Firstly, I didn’t do anywhere near enough work in Semester 1, and the blog was not the only thing to suffer.  I’m catching up but this week, having been Freshers’ Week, I’m nowhere near target either, so procrastinating here probably isn’t helping greatly.

Secondly, it all kicked off at work: we had a sudden closedown of the trial I work on. That meant having to fit 2yrs worth of work into practically 3 months. My study work didn’t suffer much but everything else did.

Finally, there has been a lot of things to do with organising and administering RPGSoc and related outfits to be done.
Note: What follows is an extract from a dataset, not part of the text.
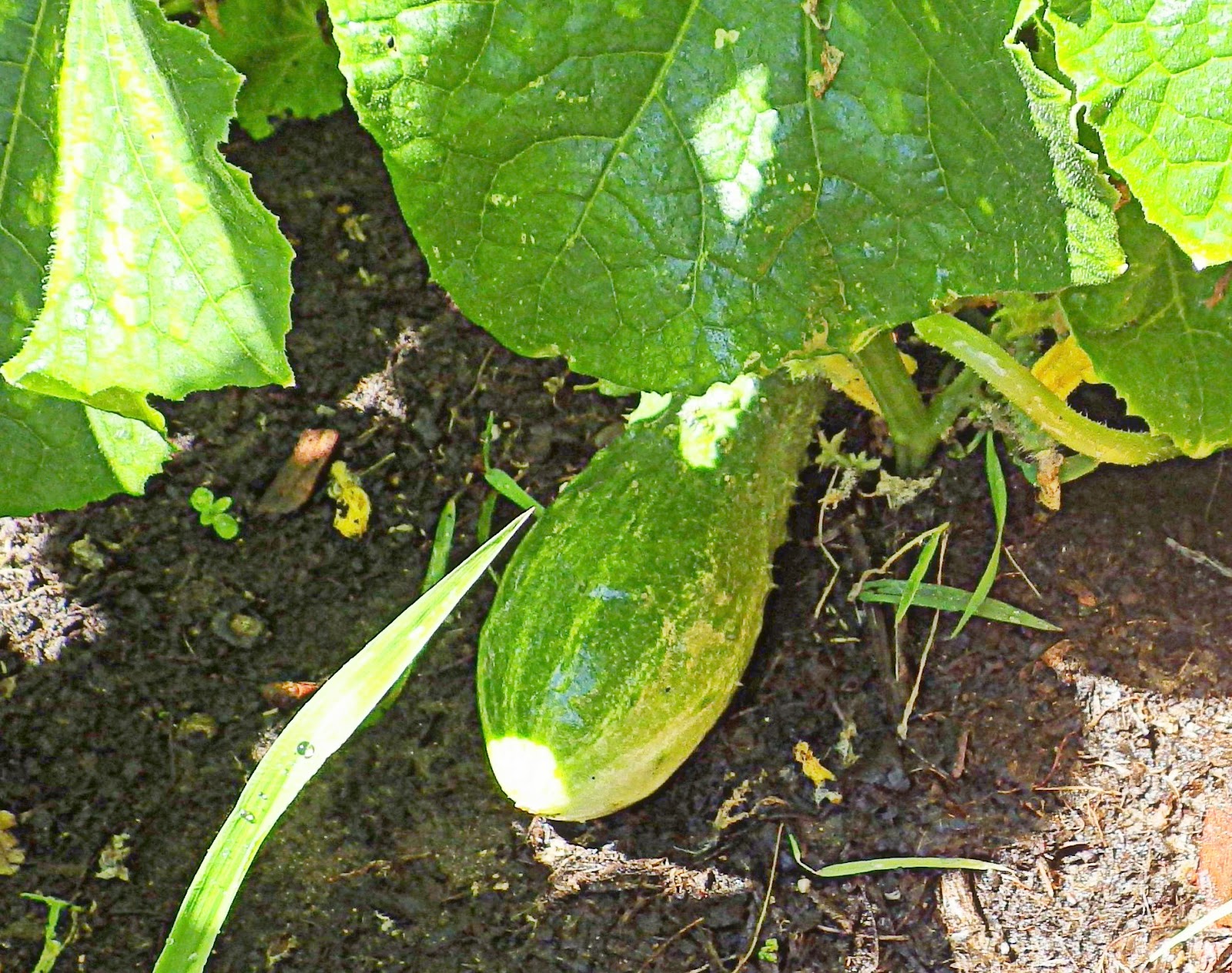 The Reverend Fowl ™ Bufflehead Sushi Minnesota Rolls Rough Plate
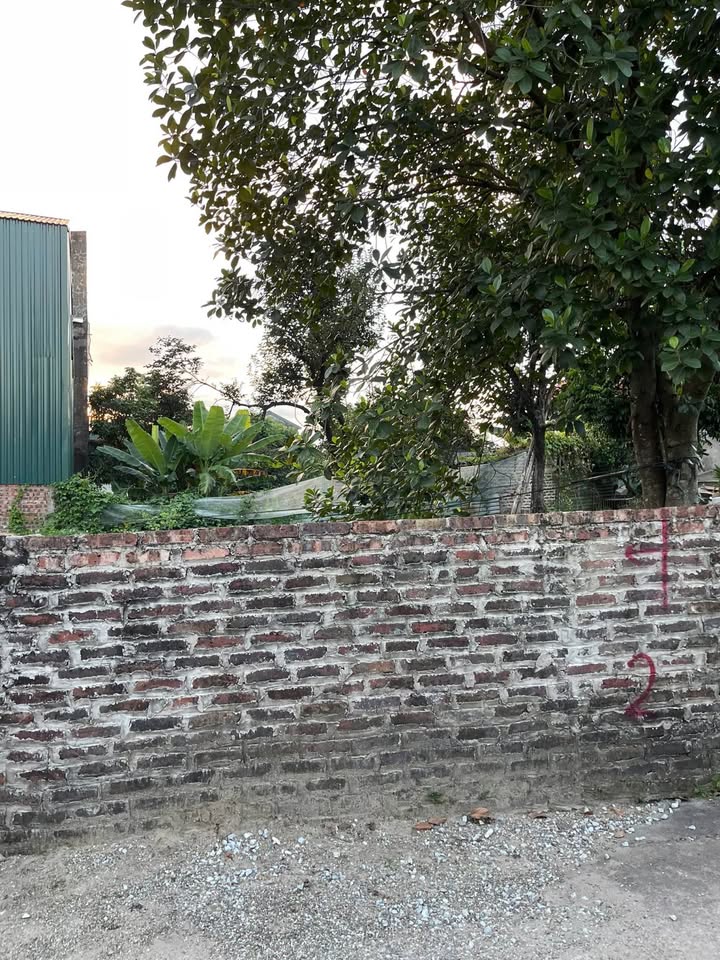 Đất nền Đường Việt Bắc, Thái Nguyên 100m² 3 tỷ - Sổ đỏ chính chủ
Of course, that wasn’t the half of it: what else has been going on?

RPGSoc won the National Student Roleplaying and Wargaming Championships in Manchester: I’m the current Champion of D&D 5th Edition and Large Model Painting.  I have been playing 5th Edition on Thursday nights still: our gaming group has changed with the change of storyline, and it’s not as good anymore (the group slightly, the storyline mostly), but it’s still brilliant 😀

I’ve been to no airshows since the loss from the air of Vulcan XH558, but I did go to both Bruntingthorpe Cold War Jets open days with my friend from Essex who’s recently moved to the area and I also went to Newark Air Museum’s Fleet & Foreign Open Cockpits thing (although only for the Foreign-y bit), as well as City of Norwich Aviation Museum while I was visiting Emilie and the East Midlands Airport Aeropark with my Mum.  I also visited the Avro Heritage Museum last December with Matt.  So that’s four new Vulcans on the ‘visited’ list 🙂

We went abroad to Austria for the first time in ages and I remembered how much I miss Graz.  Some friends moved back to Nottingham and it’s like the family came home.

My Masters has really kicked off: I’ve been to loads of conferences as a participant so I’ve travelled well!  I’ve also met lots of very interesting and lovely people.  My supervisor thinks my work is very good (it has been described as ‘excellent’!) so it can’t all be that bad.

Let’s not leave it another eight months, eh?  Well, I’ll try my best.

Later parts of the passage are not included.